### Information shown
^^^^^^^^
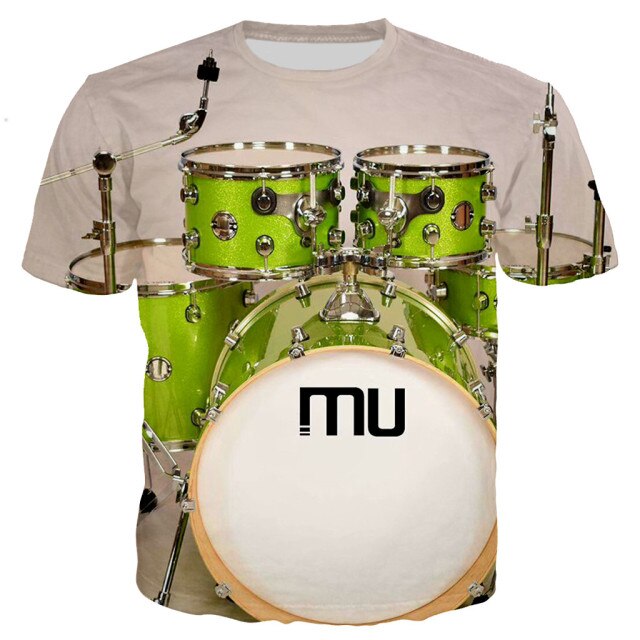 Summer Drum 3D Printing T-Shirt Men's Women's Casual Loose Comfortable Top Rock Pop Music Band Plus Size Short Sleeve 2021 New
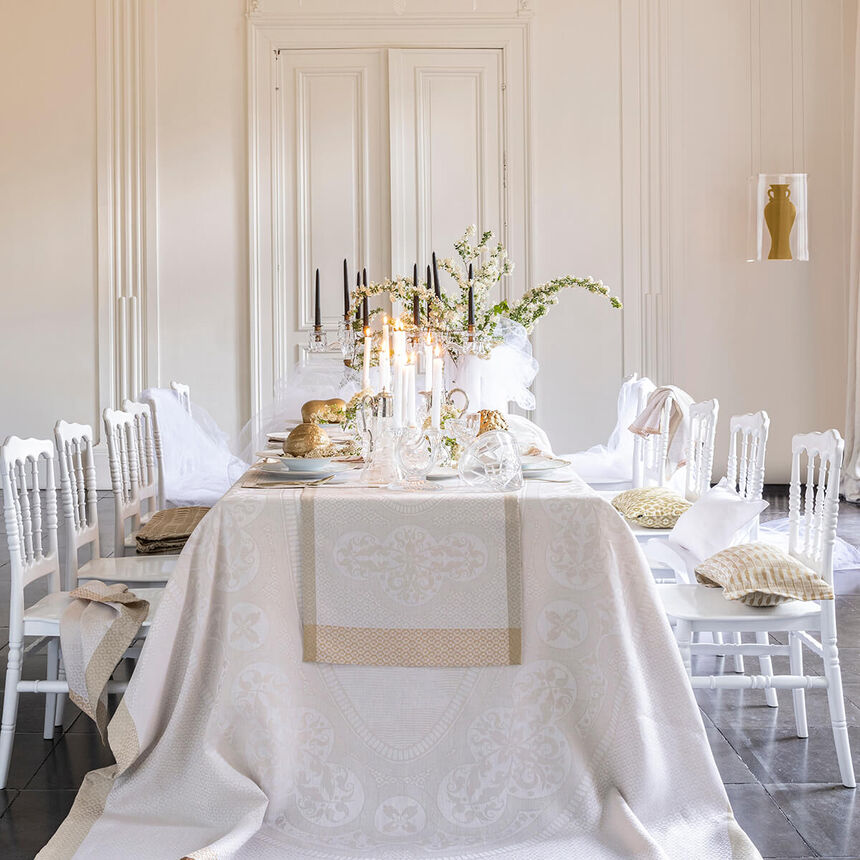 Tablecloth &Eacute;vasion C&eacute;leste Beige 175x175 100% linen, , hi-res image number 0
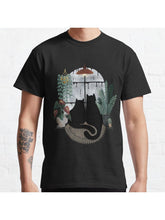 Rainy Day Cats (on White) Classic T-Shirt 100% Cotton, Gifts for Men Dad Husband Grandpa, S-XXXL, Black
^^^^^^^^
### Your instructions
The lines from the one containing "Tablecloth &Eacute;vasion C&eacute;leste" through the final line of the data are to be repeated exactly, with both ends included and all pictures left out.

### Written response
 Tablecloth &Eacute;vasion C&eacute;leste Beige 175x175 100% linen, , hi-res image number 0
 Rainy Day Cats (on White) Classic T-Shirt 100% Cotton, Gifts for Men Dad Husband Grandpa, S-XXXL, Black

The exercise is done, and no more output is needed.